# Material for this task:
== Segment start ==
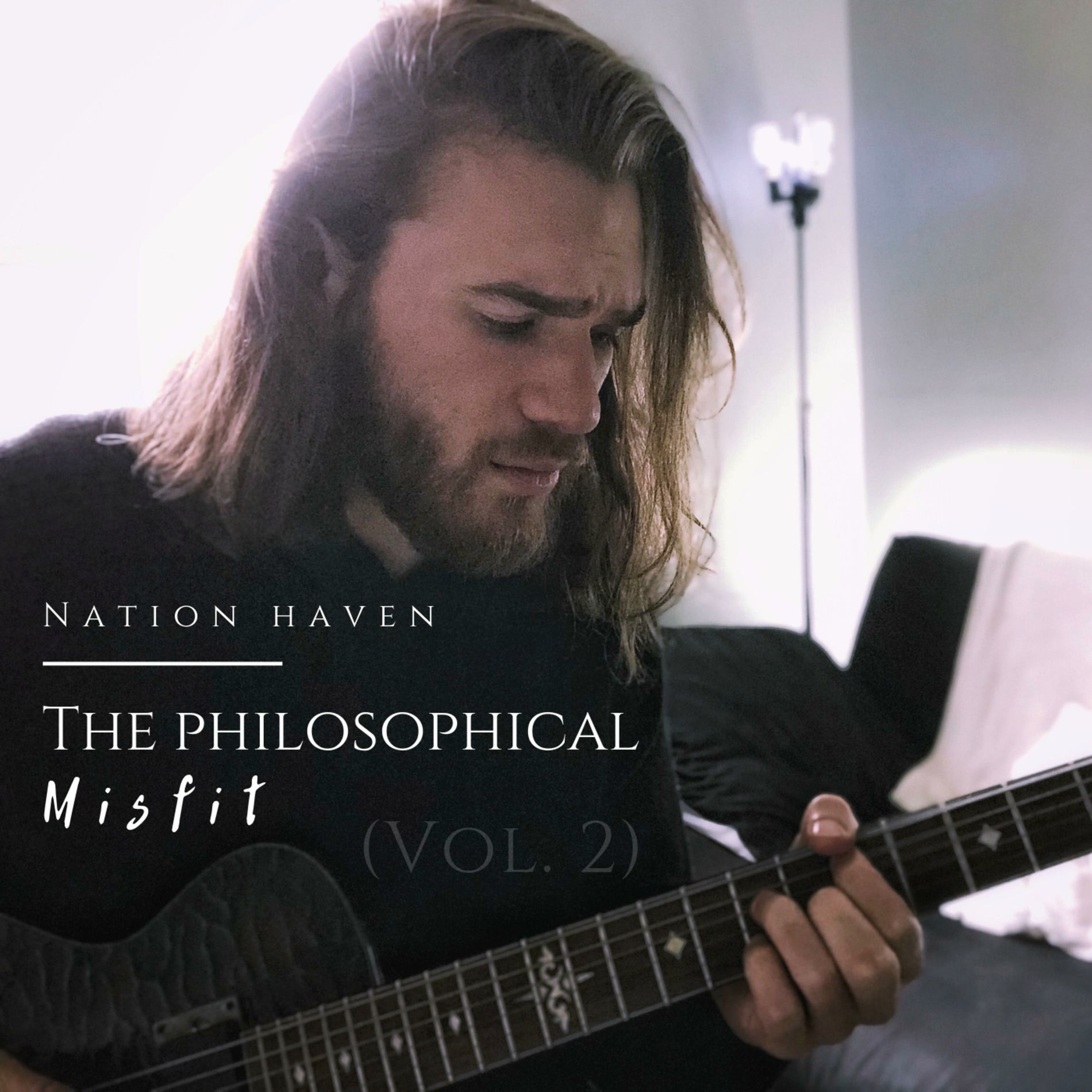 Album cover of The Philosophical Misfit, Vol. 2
== Segment end ==
== Segment start ==
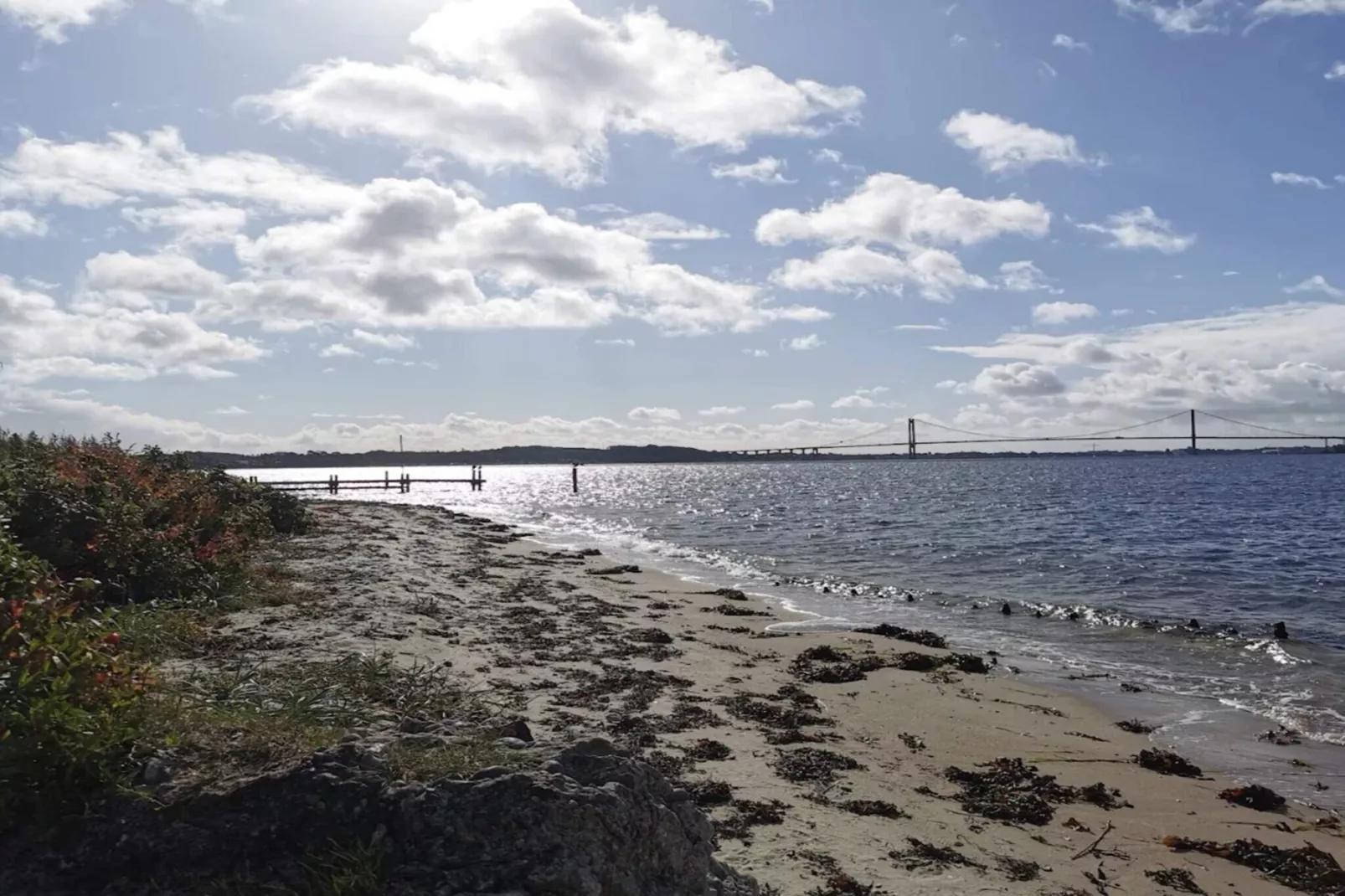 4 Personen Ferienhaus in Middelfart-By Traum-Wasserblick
== Segment end ==
== Segment start ==
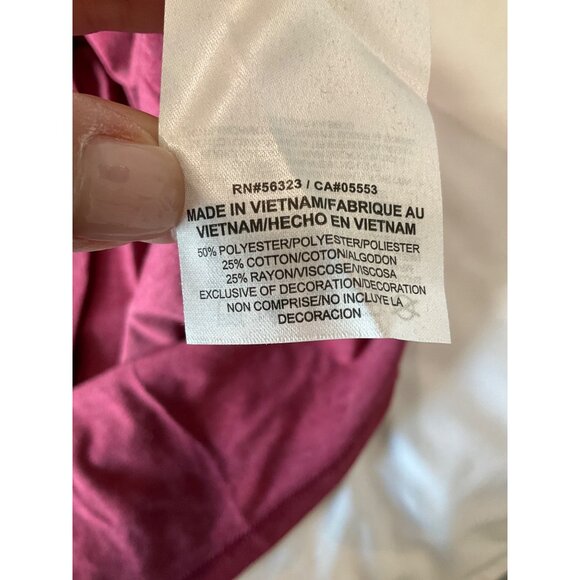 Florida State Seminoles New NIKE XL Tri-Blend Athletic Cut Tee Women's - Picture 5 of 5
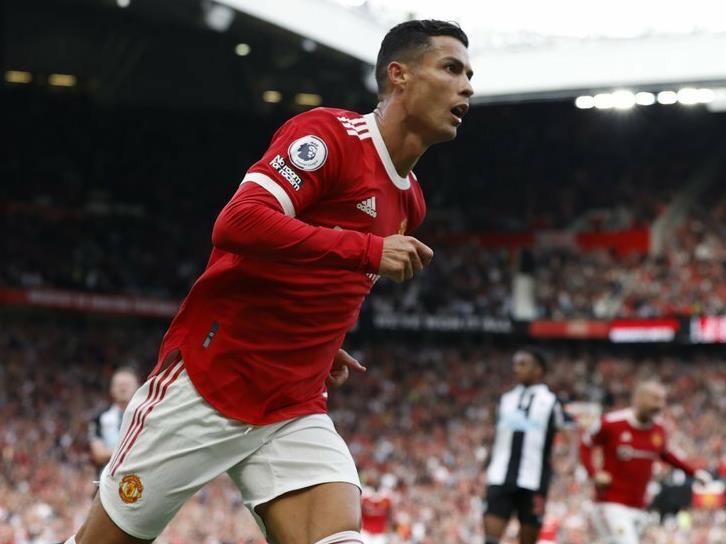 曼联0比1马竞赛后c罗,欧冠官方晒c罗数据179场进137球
== Segment end ==
The answer is the lines above from the one with "Florida State Seminoles" to the one with "曼联0比1马竞赛后c罗,欧冠官方晒c罗数据179场进137球", set down exactly, with no pictures.

# Result of this task:
 Florida State Seminoles New NIKE XL Tri-Blend Athletic Cut Tee Women's - Picture 5 of 5
 曼联0比1马竞赛后c罗,欧冠官方晒c罗数据179场进137球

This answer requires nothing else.